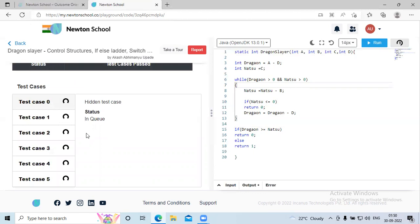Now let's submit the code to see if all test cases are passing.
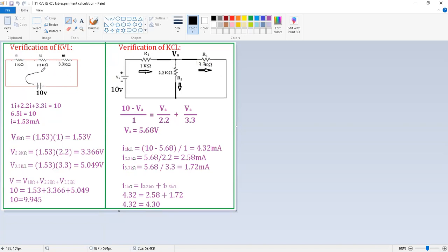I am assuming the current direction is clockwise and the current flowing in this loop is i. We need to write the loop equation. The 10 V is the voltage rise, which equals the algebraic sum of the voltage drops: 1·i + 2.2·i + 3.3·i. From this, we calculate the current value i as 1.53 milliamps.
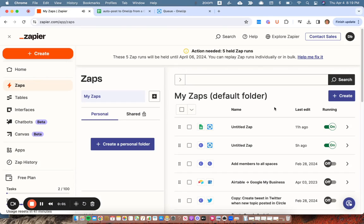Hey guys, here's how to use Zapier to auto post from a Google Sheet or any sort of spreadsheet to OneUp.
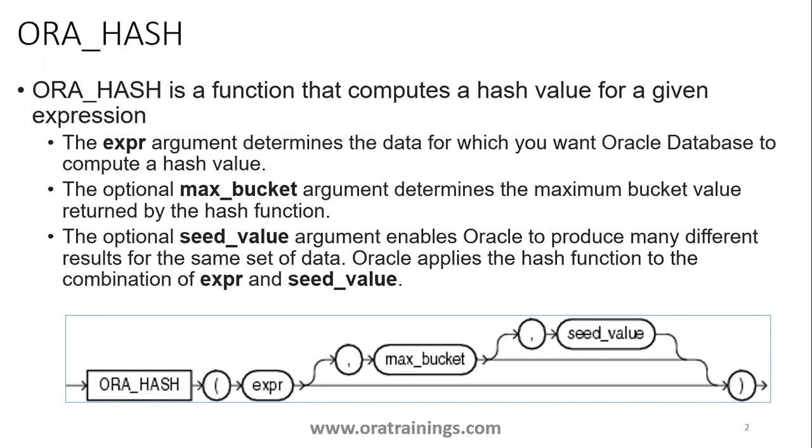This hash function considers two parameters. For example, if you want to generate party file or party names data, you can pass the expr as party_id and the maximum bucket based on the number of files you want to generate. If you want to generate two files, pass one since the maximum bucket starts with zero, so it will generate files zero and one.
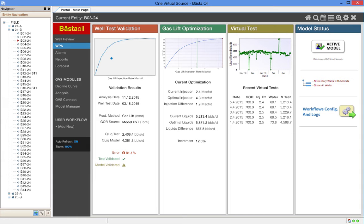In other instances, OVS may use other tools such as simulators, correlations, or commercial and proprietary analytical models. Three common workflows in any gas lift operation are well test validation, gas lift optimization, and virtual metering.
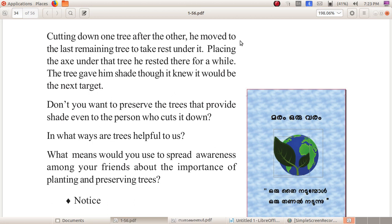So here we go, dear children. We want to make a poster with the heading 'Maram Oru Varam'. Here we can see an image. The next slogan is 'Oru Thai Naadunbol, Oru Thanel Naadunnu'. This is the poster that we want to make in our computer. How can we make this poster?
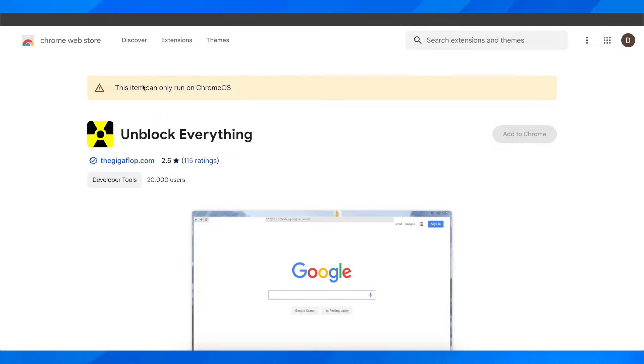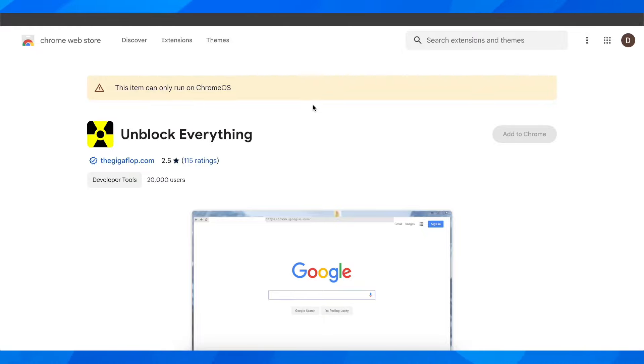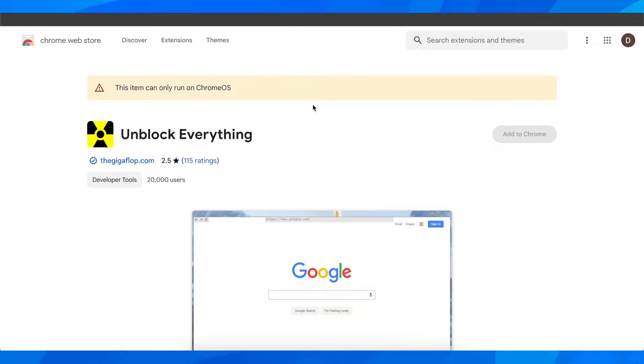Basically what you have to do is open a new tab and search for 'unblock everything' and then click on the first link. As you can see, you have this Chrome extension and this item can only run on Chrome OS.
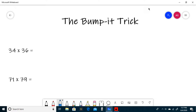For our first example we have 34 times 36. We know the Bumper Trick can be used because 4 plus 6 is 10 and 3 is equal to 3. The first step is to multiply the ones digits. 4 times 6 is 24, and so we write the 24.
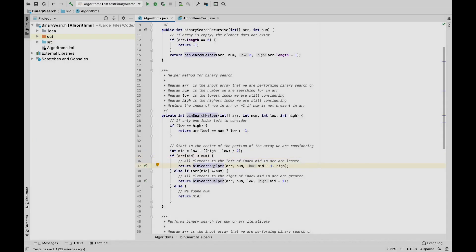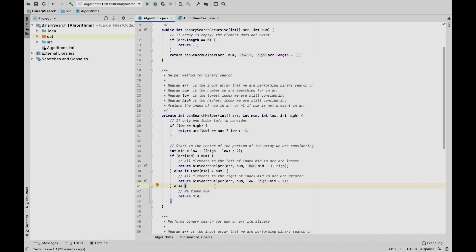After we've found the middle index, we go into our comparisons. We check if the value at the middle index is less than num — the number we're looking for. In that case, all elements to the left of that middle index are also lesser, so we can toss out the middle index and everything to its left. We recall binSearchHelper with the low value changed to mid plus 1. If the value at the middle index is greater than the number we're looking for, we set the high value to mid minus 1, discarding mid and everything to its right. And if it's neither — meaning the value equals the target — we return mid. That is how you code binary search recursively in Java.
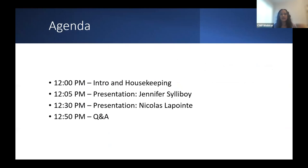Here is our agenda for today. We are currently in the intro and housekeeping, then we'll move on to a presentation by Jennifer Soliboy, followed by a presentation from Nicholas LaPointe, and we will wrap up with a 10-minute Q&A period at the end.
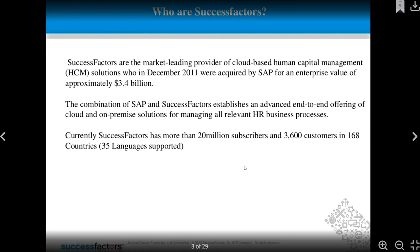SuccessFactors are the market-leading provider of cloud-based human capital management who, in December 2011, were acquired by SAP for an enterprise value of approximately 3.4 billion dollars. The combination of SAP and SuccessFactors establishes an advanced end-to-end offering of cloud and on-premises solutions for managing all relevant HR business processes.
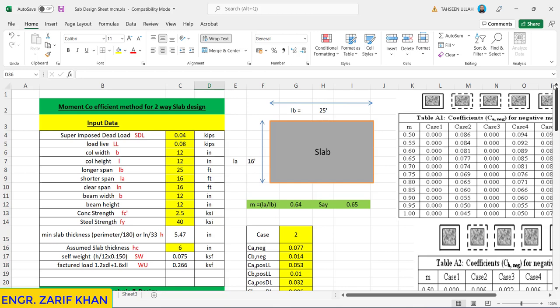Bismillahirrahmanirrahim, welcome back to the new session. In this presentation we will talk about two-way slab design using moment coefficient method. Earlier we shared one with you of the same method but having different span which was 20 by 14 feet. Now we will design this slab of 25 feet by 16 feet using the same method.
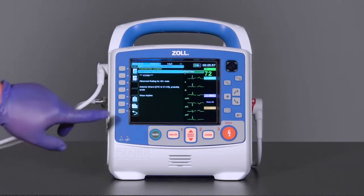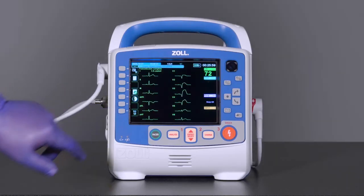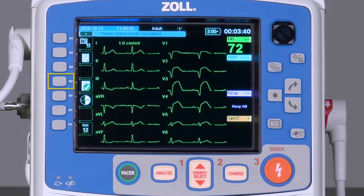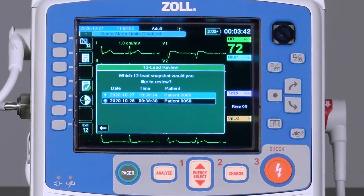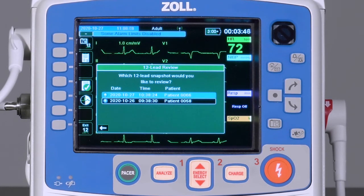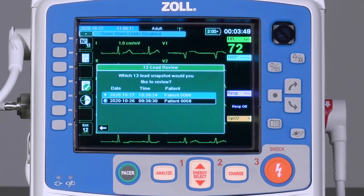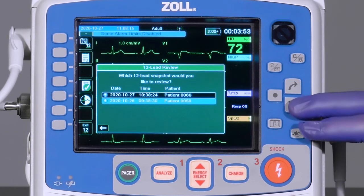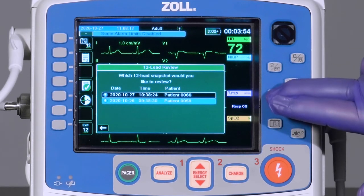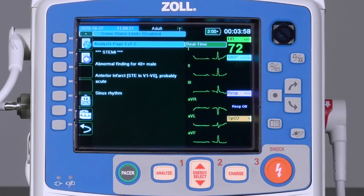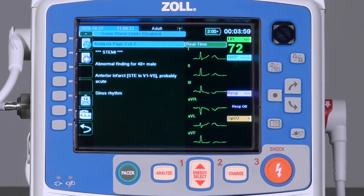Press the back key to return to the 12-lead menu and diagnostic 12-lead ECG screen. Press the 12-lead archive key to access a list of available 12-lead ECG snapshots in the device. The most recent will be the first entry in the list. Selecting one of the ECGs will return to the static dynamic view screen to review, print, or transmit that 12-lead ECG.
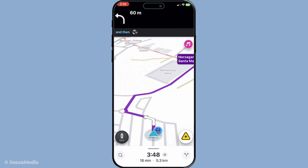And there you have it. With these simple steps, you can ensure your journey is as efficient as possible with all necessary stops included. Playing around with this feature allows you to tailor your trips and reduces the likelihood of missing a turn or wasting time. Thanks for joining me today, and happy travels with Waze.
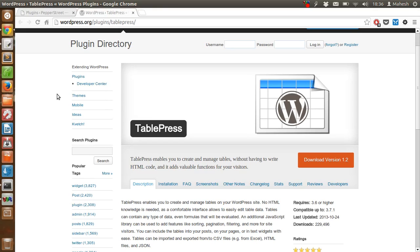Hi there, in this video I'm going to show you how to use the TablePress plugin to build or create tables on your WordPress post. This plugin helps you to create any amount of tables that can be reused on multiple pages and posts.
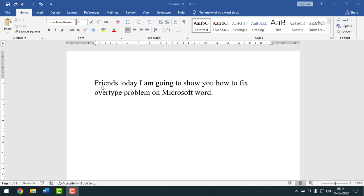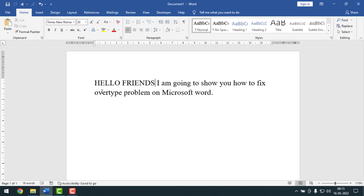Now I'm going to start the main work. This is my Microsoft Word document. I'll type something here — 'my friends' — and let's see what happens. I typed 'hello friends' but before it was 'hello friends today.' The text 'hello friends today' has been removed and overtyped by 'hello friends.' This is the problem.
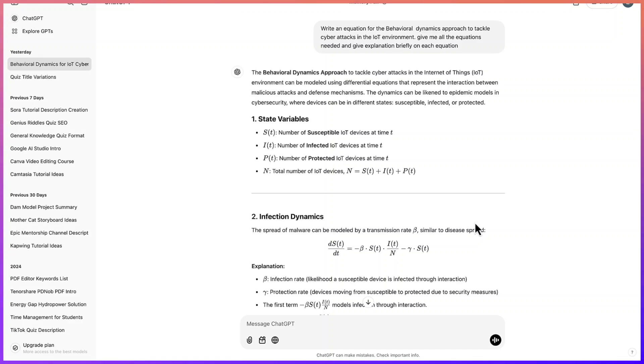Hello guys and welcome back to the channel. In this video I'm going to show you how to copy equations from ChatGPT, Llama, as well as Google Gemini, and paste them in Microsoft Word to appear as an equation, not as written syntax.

> [Task instructions]
Exactly as they appear above, print all the lines, but not the pictures.

> [Solved problem]
Now let's submit the code to see if all test cases are passing.
I am assuming the current direction is clockwise and the current flowing in this loop is i. We need to write the loop equation. The 10 V is the voltage rise, which equals the algebraic sum of the voltage drops: 1·i + 2.2·i + 3.3·i. From this, we calculate the current value i as 1.53 milliamps.
Hey guys, here's how to use Zapier to auto post from a Google Sheet or any sort of spreadsheet to OneUp.
This hash function considers two parameters. For example, if you want to generate party file or party names data, you can pass the expr as party_id and the maximum bucket based on the number of files you want to generate. If you want to generate two files, pass one since the maximum bucket starts with zero, so it will generate files zero and one.
In other instances, OVS may use other tools such as simulators, correlations, or commercial and proprietary analytical models. Three common workflows in any gas lift operation are well test validation, gas lift optimization, and virtual metering.
So here we go, dear children. We want to make a poster with the heading 'Maram Oru Varam'. Here we can see an image. The next slogan is 'Oru Thai Naadunbol, Oru Thanel Naadunnu'. This is the poster that we want to make in our computer. How can we make this poster?
Basically what you have to do is open a new tab and search for 'unblock everything' and then click on the first link. As you can see, you have this Chrome extension and this item can only run on Chrome OS.
For our first example we have 34 times 36. We know the Bumper Trick can be used because 4 plus 6 is 10 and 3 is equal to 3. The first step is to multiply the ones digits. 4 times 6 is 24, and so we write the 24.
After we've found the middle index, we go into our comparisons. We check if the value at the middle index is less than num — the number we're looking for. In that case, all elements to the left of that middle index are also lesser, so we can toss out the middle index and everything to its left. We recall binSearchHelper with the low value changed to mid plus 1. If the value at the middle index is greater than the number we're looking for, we set the high value to mid minus 1, discarding mid and everything to its right. And if it's neither — meaning the value equals the target — we return mid. That is how you code binary search recursively in Java.
Here is our agenda for today. We are currently in the intro and housekeeping, then we'll move on to a presentation by Jennifer Soliboy, followed by a presentation from Nicholas LaPointe, and we will wrap up with a 10-minute Q&A period at the end.
SuccessFactors are the market-leading provider of cloud-based human capital management who, in December 2011, were acquired by SAP for an enterprise value of approximately 3.4 billion dollars. The combination of SAP and SuccessFactors establishes an advanced end-to-end offering of cloud and on-premises solutions for managing all relevant HR business processes.
Bismillahirrahmanirrahim, welcome back to the new session. In this presentation we will talk about two-way slab design using moment coefficient method. Earlier we shared one with you of the same method but having different span which was 20 by 14 feet. Now we will design this slab of 25 feet by 16 feet using the same method.
Press the back key to return to the 12-lead menu and diagnostic 12-lead ECG screen. Press the 12-lead archive key to access a list of available 12-lead ECG snapshots in the device. The most recent will be the first entry in the list. Selecting one of the ECGs will return to the static dynamic view screen to review, print, or transmit that 12-lead ECG.
And there you have it. With these simple steps, you can ensure your journey is as efficient as possible with all necessary stops included. Playing around with this feature allows you to tailor your trips and reduces the likelihood of missing a turn or wasting time. Thanks for joining me today, and happy travels with Waze.
Hi there, in this video I'm going to show you how to use the TablePress plugin to build or create tables on your WordPress post. This plugin helps you to create any amount of tables that can be reused on multiple pages and posts.
Now I'm going to start the main work. This is my Microsoft Word document. I'll type something here — 'my friends' — and let's see what happens. I typed 'hello friends' but before it was 'hello friends today.' The text 'hello friends today' has been removed and overtyped by 'hello friends.' This is the problem.
Hello guys and welcome back to the channel. In this video I'm going to show you how to copy equations from ChatGPT, Llama, as well as Google Gemini, and paste them in Microsoft Word to appear as an equation, not as written syntax.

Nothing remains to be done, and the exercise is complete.